In Southern Rites, viewers can start to grasp how stories do not simply run parallel to each other across time’s plane, but instead ceaselessly collide, entangle, and diverge, especially as Mount Vernon and the lives, recollections, and perceptions of its citizens change. One of the most stirring pieces is a portrait of Justin Patterson’s brother holding a Polaroid of himself and Patterson as kids. On the same wall, frames away, there is a portrait of Patterson’s killer embracing his adopted daughter, who is black. On another wall, viewers see one of the town’s first interracial prom king and queen have their dance.


“Prom prince and princess dancing at the integrated prom, Lyons, Georgia.”

“Prom prince and princess dancing at the integrated prom, Lyons, Georgia.”

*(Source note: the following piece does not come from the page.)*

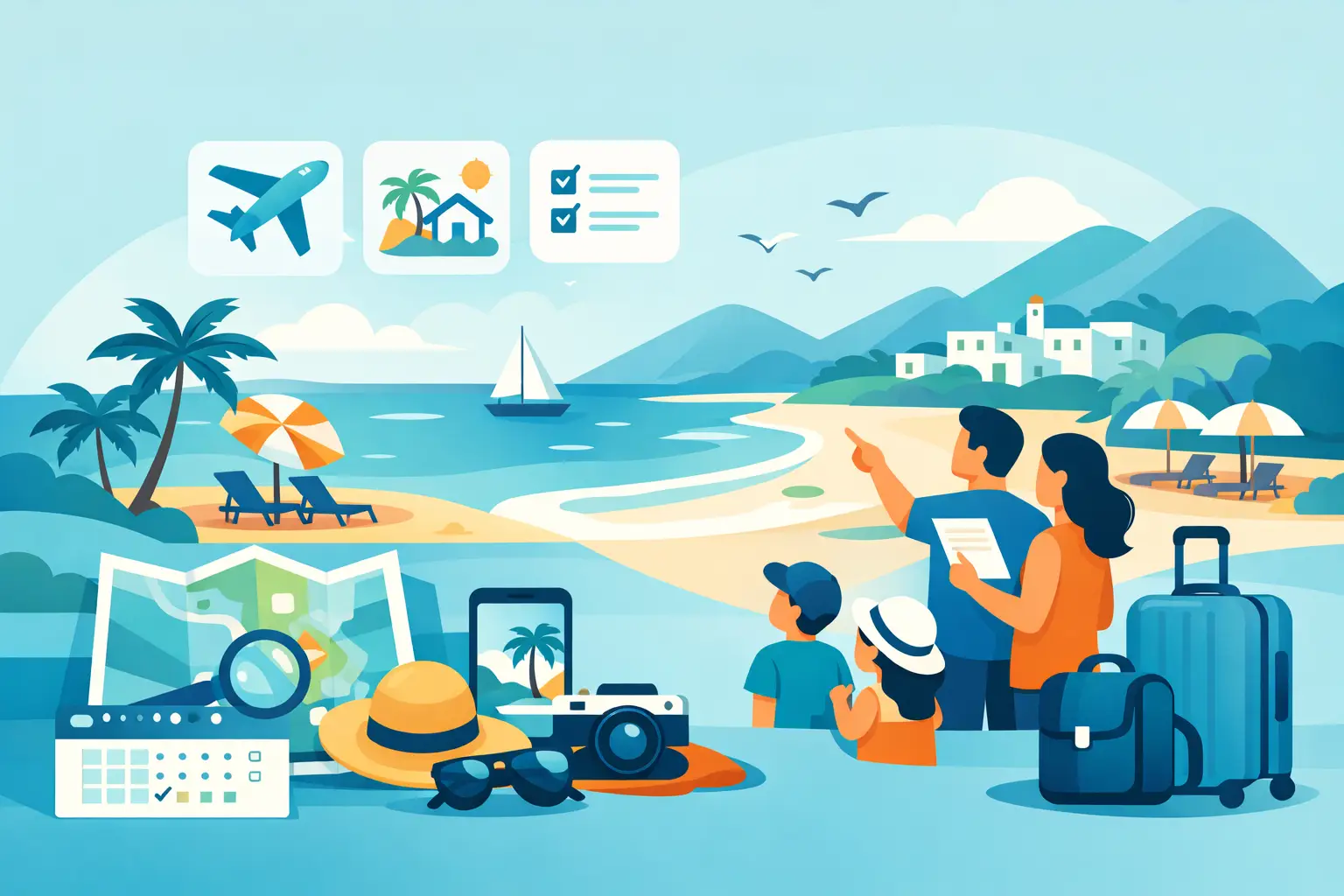Cómo organizar vacaciones familiares en la costa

The most stirring decision Laub makes, though, is placing multiple quotes from the photos’ subjects or others next to many of her pieces. This choice cements the exhibit as an exploration into how stories are told and how they connect to others to form what are almost meta-narratives. These quotes span multiple years, giving viewers insight not just into who the subject was at the time a specific photo was taken, but also who they became as many as eight years later. Next to a photo of prom queen Kayla Miller and king Quanti Jorden, the prom king, says in a part of his first quote from 2011: “But I was really nervous ’cause we had to have our dance alone, and everyone was there—all the parents, who were the chaperones including Kayla’s mom, and they were watching us dance.” In his second quote from 2016, he talks about coming back to Mount Vernon and having realizations about all the other racism he encountered.

On the days following the exhibit’s debut at the Chazen, Tone Madison was able to talk with Laub and later correspond over the email about the exhibit, managing one’s own subjectivity and presence as a photographer, and the evolution of her perspectives on Mount Vernon.

Tone Madison: What was the process like of choosing and then sequencing photos for the exhibit? How did you come to the decision to layer quotes from your subjects from different years?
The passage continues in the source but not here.